MUSIC REVIEW: The longtime baritone chart-topper ambled through many of country music's favored themes.
Forever-smooth Alan Jackson and ornery-looking Jamey Johnson would seem to have about as much in common as a butter sculpture and a Midway barker. But both singers who shared the State Fair grandstand stage Friday are all about good country songs. You know, three chords and the truth.
A crowd of 10,773 was treated to an evening filled with superior country songs. You know, songs about living, dying, crying, drinking, dancing and, of course, loving, as Jackson explained early in his set.
Country's most consistent long-run male hitmaker this side of George Strait, the laconic Jackson, 53, has grown more talkative in recent years. He mentioned that this was his sixth appearance at the fair, talked about what sparked some of his songs and declared that some of his ballads were too sad for a Friday night.
He has abandoned his statue-like stage presence of old in favor of roaming around the stage when his band takes solos and tossing guitar picks and rolled up T-shirts to fans. Heck, he even sashayed a bit during "Livin' on Love."
Jackson's baritone voice has grown a bit deeper, but his delivery is still effortless. The tall man with the little mustache, curly mullet and big cowboy hat is all about easy. You know, easy like sipping sweet tea on the front porch on a beautiful Southern afternoon.
His music covers a range of styles in the country oeuvre -- honky tonk boogie, cry-in-your-beer plaints, rockin' blues, heart-warming ballads and pop ditties. Mostly, the messages are about the small-town values he grew up with in Georgia. And he sold them with an aw-shucks modesty, delivering almost every song with the same intensity that fell short of heartfelt, and a little Nashville hokum, ingratiatingly inserting "Minnesota" in the lyrics of several numbers.

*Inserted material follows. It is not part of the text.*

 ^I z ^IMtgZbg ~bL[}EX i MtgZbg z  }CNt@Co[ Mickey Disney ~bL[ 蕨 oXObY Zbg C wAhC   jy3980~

Usually what made a song stand out was what was shown on the big video screens behind the country superstar -- whether cute kids in the crowd during "Little Bitty," animation during "Small Town Southern Man" or shots of Twin Cities sites during the festive "Where I Come From" (though including a strip-club logo seemed like a faux pas).
For someone who has had more than two-dozen No. 1 songs, Jackson wasn't afraid to leave out some favorites and throw in some surprises, including Hank Williams Jr.'s "The Blues Man" (featuring the only ache in the singer's voice all night) and this year's surprisingly unsuccessful "So You Don't Have to Love Me Anymore," which sounded like someone's attempt (Jackson didn't write this one, for a change) to write a George Jones song.
The highlight had to be "Where Were You (When the World Stopped Turning)," his Sept. 11 tribute, which sounds as potent and relevant today as it did in 2001. Jackson knows that details, emotions, understatement and, of course, timing make a great country song.
There was a certain timelessness to most of what Johnson, 37, sang during his hour-long set. With his stern gaze, furrowed brow and bushy, halfway to ZZ Top beard, he looked like a lonesome, ornery and mean cuss. Sounding like a cross between Waylon and Willie, he delivered some hard truths. His mostly downbeat set had a boozy, late-night vibe, with cutting lyrics that were part swagger and part guilt. The standouts were the Merle Haggard-like "Can't Cash My Checks," his divorce hit "Give It Away," and "Amazing Grace," done like a funeral dirge to the tune of "House of the Rising Sun."
You know, how sweet the sounds of country music.